## PROBLEM TO WORK ON
Exact copies of all the records are the expected output.

Records contained in a dataset
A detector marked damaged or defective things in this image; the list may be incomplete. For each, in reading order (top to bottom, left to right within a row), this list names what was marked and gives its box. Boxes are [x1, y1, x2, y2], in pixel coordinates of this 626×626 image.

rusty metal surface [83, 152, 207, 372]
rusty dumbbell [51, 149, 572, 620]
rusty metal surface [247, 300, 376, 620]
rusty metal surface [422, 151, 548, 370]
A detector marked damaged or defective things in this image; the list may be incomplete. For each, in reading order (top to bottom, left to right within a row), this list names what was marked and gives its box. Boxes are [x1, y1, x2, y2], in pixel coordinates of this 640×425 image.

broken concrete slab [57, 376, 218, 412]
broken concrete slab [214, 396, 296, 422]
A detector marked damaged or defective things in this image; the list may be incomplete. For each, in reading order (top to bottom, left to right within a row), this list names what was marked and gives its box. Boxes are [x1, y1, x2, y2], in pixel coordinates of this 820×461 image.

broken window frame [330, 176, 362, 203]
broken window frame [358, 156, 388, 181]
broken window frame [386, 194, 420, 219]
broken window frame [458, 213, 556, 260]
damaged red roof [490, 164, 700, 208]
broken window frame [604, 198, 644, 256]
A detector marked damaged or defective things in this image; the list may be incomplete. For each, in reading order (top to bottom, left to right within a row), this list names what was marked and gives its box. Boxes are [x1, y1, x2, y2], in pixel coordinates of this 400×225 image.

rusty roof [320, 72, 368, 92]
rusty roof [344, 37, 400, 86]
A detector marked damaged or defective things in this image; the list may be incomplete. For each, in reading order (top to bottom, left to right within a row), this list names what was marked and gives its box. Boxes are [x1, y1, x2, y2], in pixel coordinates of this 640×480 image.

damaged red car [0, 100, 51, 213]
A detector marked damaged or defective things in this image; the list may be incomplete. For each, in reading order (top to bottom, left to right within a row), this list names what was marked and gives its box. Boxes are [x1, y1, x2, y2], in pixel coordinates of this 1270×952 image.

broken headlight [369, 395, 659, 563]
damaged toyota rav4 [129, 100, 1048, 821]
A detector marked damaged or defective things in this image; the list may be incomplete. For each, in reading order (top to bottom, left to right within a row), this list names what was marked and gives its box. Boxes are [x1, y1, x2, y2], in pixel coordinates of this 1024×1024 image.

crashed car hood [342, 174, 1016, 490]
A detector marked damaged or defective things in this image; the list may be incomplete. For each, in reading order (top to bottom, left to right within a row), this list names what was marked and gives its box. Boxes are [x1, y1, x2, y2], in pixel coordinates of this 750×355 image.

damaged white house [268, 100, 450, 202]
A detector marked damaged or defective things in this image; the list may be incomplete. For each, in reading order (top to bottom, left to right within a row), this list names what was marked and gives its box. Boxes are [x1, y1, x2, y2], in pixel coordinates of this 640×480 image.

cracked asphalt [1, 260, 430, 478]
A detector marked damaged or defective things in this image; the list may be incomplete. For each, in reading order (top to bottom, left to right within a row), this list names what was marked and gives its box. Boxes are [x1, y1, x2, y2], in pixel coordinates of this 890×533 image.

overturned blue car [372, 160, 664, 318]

## ANSWER SPACE
A detector marked damaged or defective things in this image; the list may be incomplete. For each, in reading order (top to bottom, left to right within a row), this list names what was marked and gives its box. Boxes are [x1, y1, x2, y2], in pixel coordinates of this 626×626 image.

rusty metal surface [83, 152, 207, 372]
rusty dumbbell [51, 149, 572, 620]
rusty metal surface [247, 300, 376, 620]
rusty metal surface [422, 151, 548, 370]
A detector marked damaged or defective things in this image; the list may be incomplete. For each, in reading order (top to bottom, left to right within a row), this list names what was marked and gives its box. Boxes are [x1, y1, x2, y2], in pixel coordinates of this 640×425 image.

broken concrete slab [57, 376, 218, 412]
broken concrete slab [214, 396, 296, 422]
A detector marked damaged or defective things in this image; the list may be incomplete. For each, in reading order (top to bottom, left to right within a row), this list names what was marked and gives its box. Boxes are [x1, y1, x2, y2], in pixel coordinates of this 820×461 image.

broken window frame [330, 176, 362, 203]
broken window frame [358, 156, 388, 181]
broken window frame [386, 194, 420, 219]
broken window frame [458, 213, 556, 260]
damaged red roof [490, 164, 700, 208]
broken window frame [604, 198, 644, 256]
A detector marked damaged or defective things in this image; the list may be incomplete. For each, in reading order (top to bottom, left to right within a row), this list names what was marked and gives its box. Boxes are [x1, y1, x2, y2], in pixel coordinates of this 400×225 image.

rusty roof [320, 72, 368, 92]
rusty roof [344, 37, 400, 86]
A detector marked damaged or defective things in this image; the list may be incomplete. For each, in reading order (top to bottom, left to right within a row), this list names what was marked and gives its box. Boxes are [x1, y1, x2, y2], in pixel coordinates of this 640×480 image.

damaged red car [0, 100, 51, 213]
A detector marked damaged or defective things in this image; the list may be incomplete. For each, in reading order (top to bottom, left to right within a row), this list names what was marked and gives its box. Boxes are [x1, y1, x2, y2], in pixel coordinates of this 1270×952 image.

broken headlight [369, 395, 659, 563]
damaged toyota rav4 [129, 100, 1048, 821]
A detector marked damaged or defective things in this image; the list may be incomplete. For each, in reading order (top to bottom, left to right within a row), this list names what was marked and gives its box. Boxes are [x1, y1, x2, y2], in pixel coordinates of this 1024×1024 image.

crashed car hood [342, 174, 1016, 490]
A detector marked damaged or defective things in this image; the list may be incomplete. For each, in reading order (top to bottom, left to right within a row), this list names what was marked and gives its box. Boxes are [x1, y1, x2, y2], in pixel coordinates of this 750×355 image.

damaged white house [268, 100, 450, 202]
A detector marked damaged or defective things in this image; the list may be incomplete. For each, in reading order (top to bottom, left to right within a row), this list names what was marked and gives its box. Boxes are [x1, y1, x2, y2], in pixel coordinates of this 640×480 image.

cracked asphalt [1, 260, 430, 478]
A detector marked damaged or defective things in this image; the list may be incomplete. For each, in reading order (top to bottom, left to right within a row), this list names what was marked and gives its box. Boxes are [x1, y1, x2, y2], in pixel coordinates of this 890×533 image.

overturned blue car [372, 160, 664, 318]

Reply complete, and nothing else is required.